How We Built Scalable End-to-End Tests

Published in

Bluecore Engineering

9 min readJul 2, 2018

Two years ago, Bluecore started building UI products. Up to that point we had been good about creating backend unit tests, but creating full scale UI tests is a completely different organizational experience. End-to-end (E2E) UI testing is hard, and we ran into several challenges. Our tests were brittle, and debugging failures could be a nightmare. Tests were taking forever to finish or were too expensive to run often. When we searched for help online, we got mostly results with someone trying to sell us their silver bullet solution they claimed would magically make all our testing problems go away (but probably wouldn’t). In this article, I’ll share our experience with three different test frameworks and how well they helped us address these issues.

What do we mean by scalable?

It’s relatively easy to stand up some tests and build initial coverage for features. What’s significantly harder to do is build tests that stay reliable over time. There are several best practices we had to learn the hard way that led to successful testing. Examples include building idempotent tests, the test pyramid model, keeping tests small, and quarantining noisy tests. Sure, maybe whatever test infrastructure we created was great at first, but as we grew our test suite, problems started creeping in.

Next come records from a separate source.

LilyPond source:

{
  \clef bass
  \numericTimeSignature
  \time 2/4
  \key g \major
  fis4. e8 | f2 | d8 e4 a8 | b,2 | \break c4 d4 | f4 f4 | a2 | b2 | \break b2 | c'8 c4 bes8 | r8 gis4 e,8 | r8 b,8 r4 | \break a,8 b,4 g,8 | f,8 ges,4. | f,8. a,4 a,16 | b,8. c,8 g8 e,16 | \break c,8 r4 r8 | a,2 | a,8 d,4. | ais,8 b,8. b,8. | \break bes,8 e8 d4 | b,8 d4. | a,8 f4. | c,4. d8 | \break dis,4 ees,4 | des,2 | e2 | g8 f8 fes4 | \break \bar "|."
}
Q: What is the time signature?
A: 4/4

However well-intentioned we were to start, sometimes problems would begin to snowball and grow. Test results start becoming unreliable, which makes people lose faith in the tests. This leads to people spending less time working on the tests, which leads to unreliable test results, and then we’re stuck in a vicious cycle. Eventually the pain reaches a tipping point, and our team decides that it is easier to start over from scratch with a new testing approach than it is to convince everyone to fix the existing problems.

In order to spare yourself from the aforementioned testing death spiral, we recommend you consider the following: As you grow your test suite over time, are the following criteria fulfilled?

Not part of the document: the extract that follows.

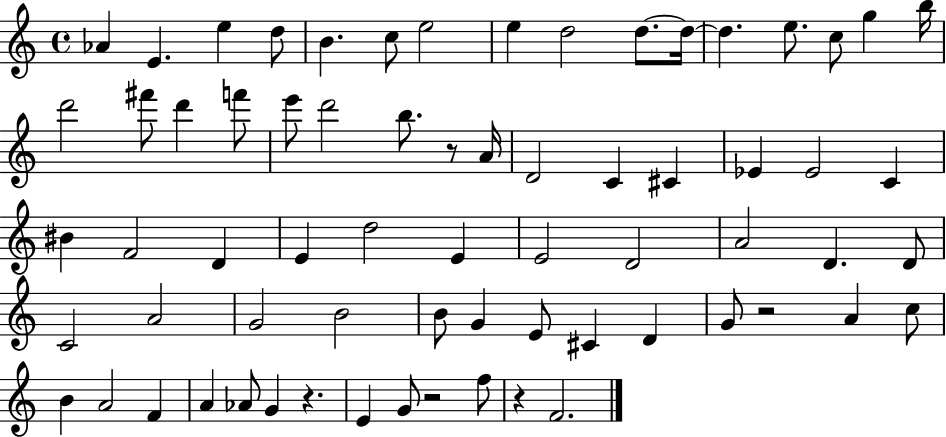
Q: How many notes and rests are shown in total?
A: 68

Easy to write: This leads to increased adoption and test coverage.
Quick to run: This allows for a shorter feedback loop and iteration cycle.
Easy to maintain: This helps people keep tests up-to-date.
Repeatable and reliable: This matters because results are useless if they can’t be trusted.
Cost efficient: This ensures you can continue (re)running your tests.

Here’s a high-level comparison of how we rated each of our E2E test frameworks:

*VS is used to anonymously refer to our Vendor Solution of crowd-sourced tests.

Now let’s take a closer look at each of these.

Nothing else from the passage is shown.